START Recorded data

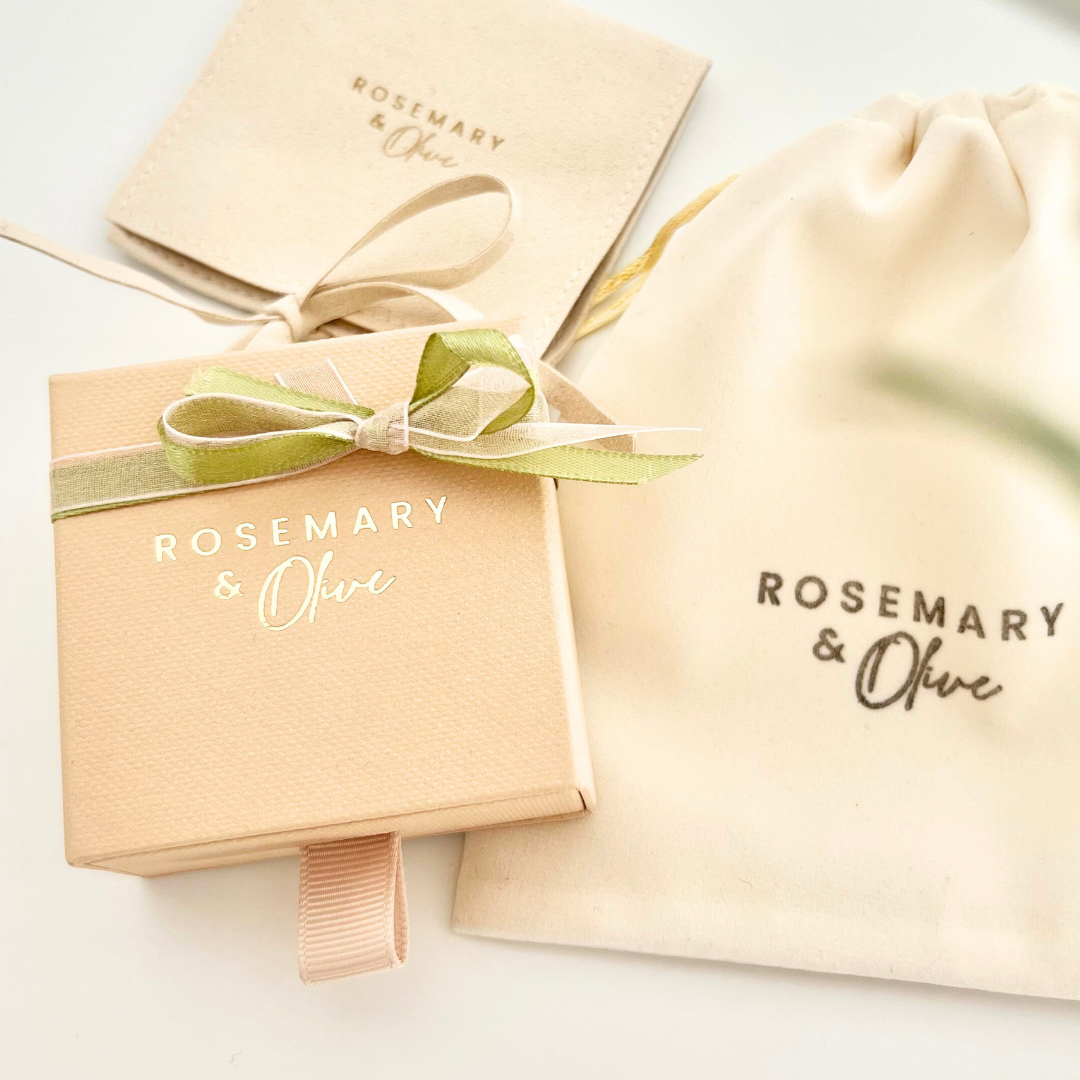Verpackungsset von Rosemary & Olive mit Geschenkbox, Samttäschchen und Stoffbeutel – hochwertige Schmuckverpackung in Beige mit grüner Schleife.
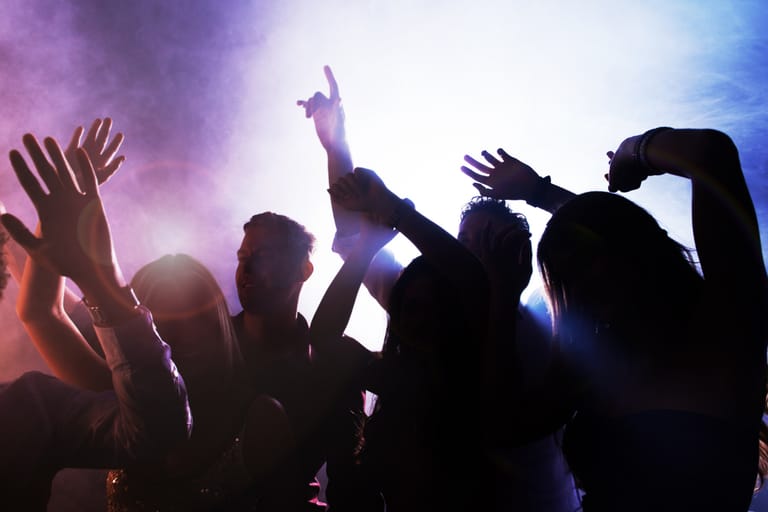 Ihmiset tanssivat ja nostavat käsiään ilmassa värikkäissä juhlavaloissa.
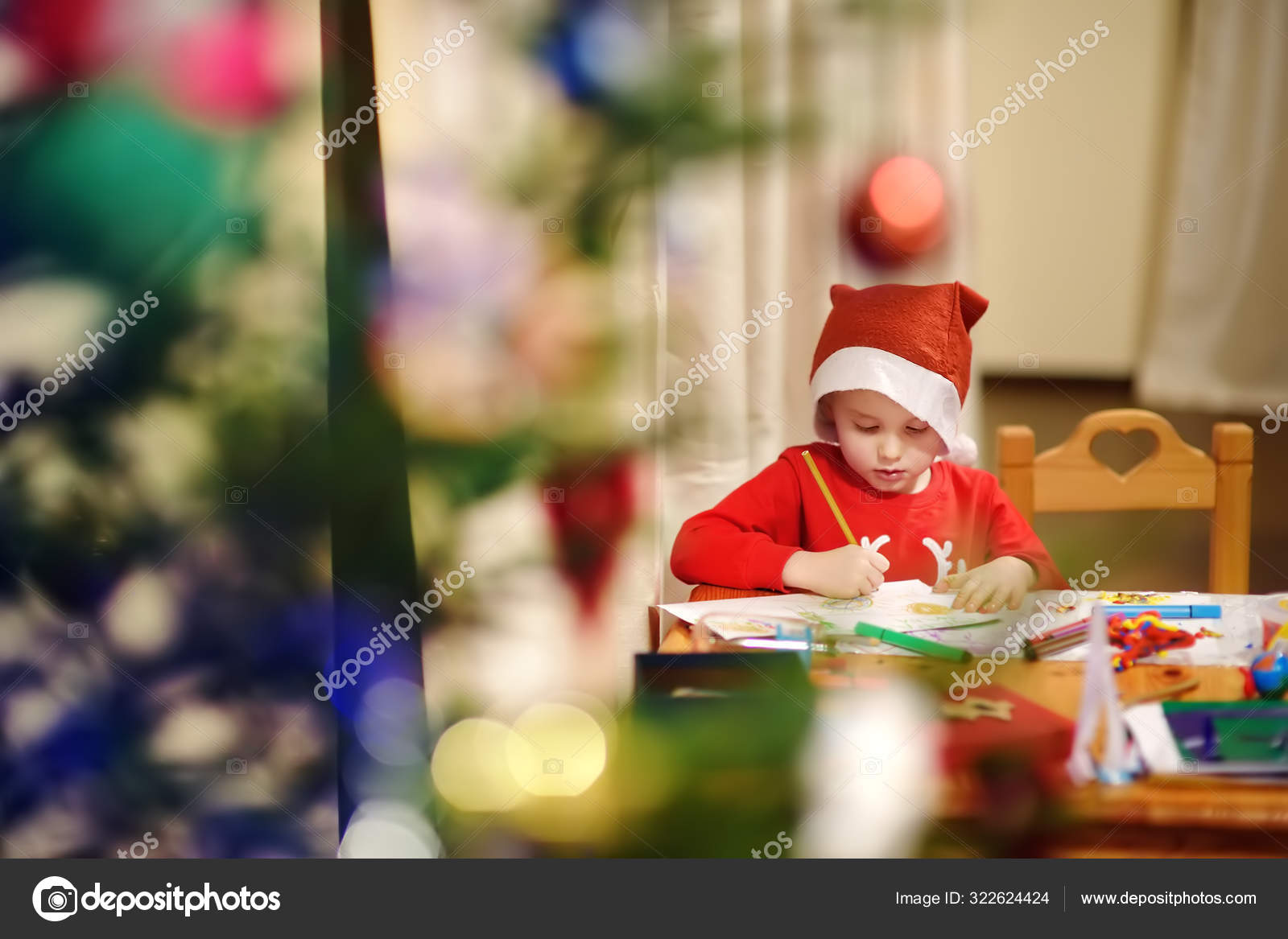 Niño vistiendo un disfraz de Santa está dibujando cerca de un árbol de ...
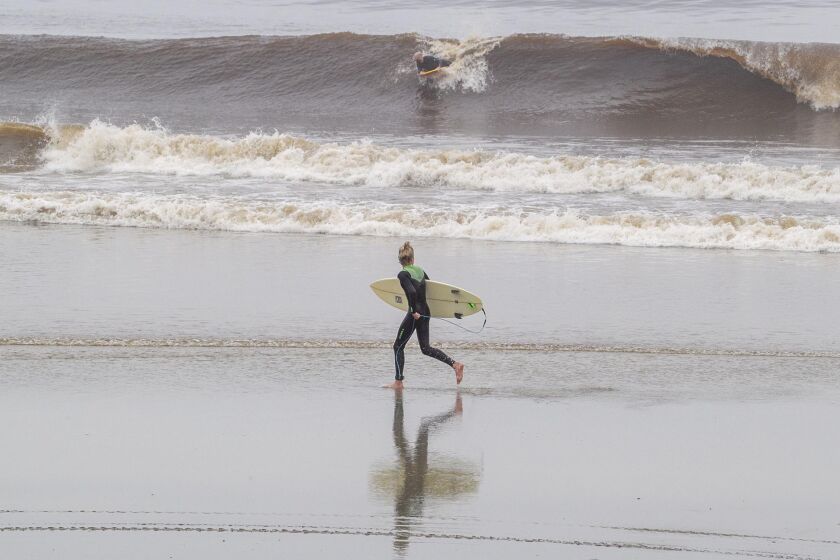 An eager surfer sprinted down Moonlight Beach. The City of Encinitas reopened their beaches in a limited manner at 8:00 am on Monday, April 27, 2020 on a limited basis. They are trying to channel all beach users through the Moonlight Beach Park.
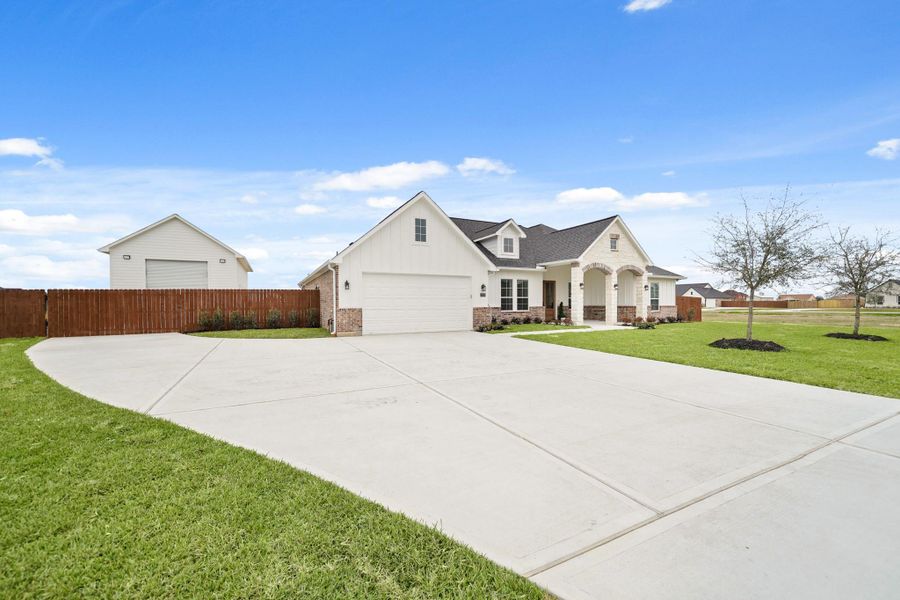 Front exterior of a new home in Blue Jay's Landing, Needville, TX, highlighting curb appeal (Image 1).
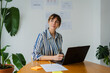 © Nuria Seguí/Stocksy - Elegant woman works on her laptop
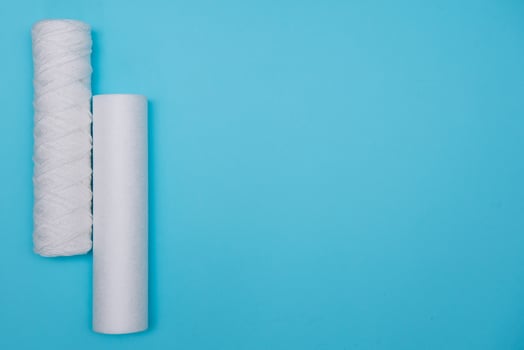 Water filters. Carbon cartridges and a glass with water on a blue background. Household filtration system. photo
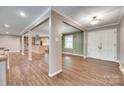 Open floor plan showcasing living area with hardwood floors and views to the kitchen at 257 Amity Dr, York, SC 29745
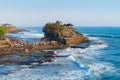 Pura Tanah Lot, the water temple, in Bali at noon. It is one of the most popular of tourist attraction. Indonesia. Nature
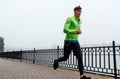 Horizontal image of young athelte man running in the morning on the fog lake background. Fitness male exercising in the park and Royalty Free Stock Photo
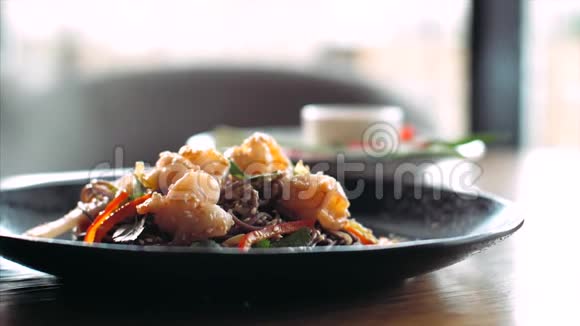 新鲜的青菜正落在传统的亚洲荞麦炒面和虾上视频的预览图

END Recorded data

• [Prompt]: Extract precisely the lines beginning at the line containing "Niño vistiendo un" and ending at the last line of the entries above, exactly as written and with no pictures.

• [Answer box]:
 Niño vistiendo un disfraz de Santa está dibujando cerca de un árbol de ...
 An eager surfer sprinted down Moonlight Beach. The City of Encinitas reopened their beaches in a limited manner at 8:00 am on Monday, April 27, 2020 on a limited basis. They are trying to channel all beach users through the Moonlight Beach Park.
 Front exterior of a new home in Blue Jay's Landing, Needville, TX, highlighting curb appeal (Image 1).
 © Nuria Seguí/Stocksy - Elegant woman works on her laptop
 Water filters. Carbon cartridges and a glass with water on a blue background. Household filtration system. photo
 Open floor plan showcasing living area with hardwood floors and views to the kitchen at 257 Amity Dr, York, SC 29745
 Pura Tanah Lot, the water temple, in Bali at noon. It is one of the most popular of tourist attraction. Indonesia. Nature
 Horizontal image of young athelte man running in the morning on the fog lake background. Fitness male exercising in the park and Royalty Free Stock Photo
 新鲜的青菜正落在传统的亚洲荞麦炒面和虾上视频的预览图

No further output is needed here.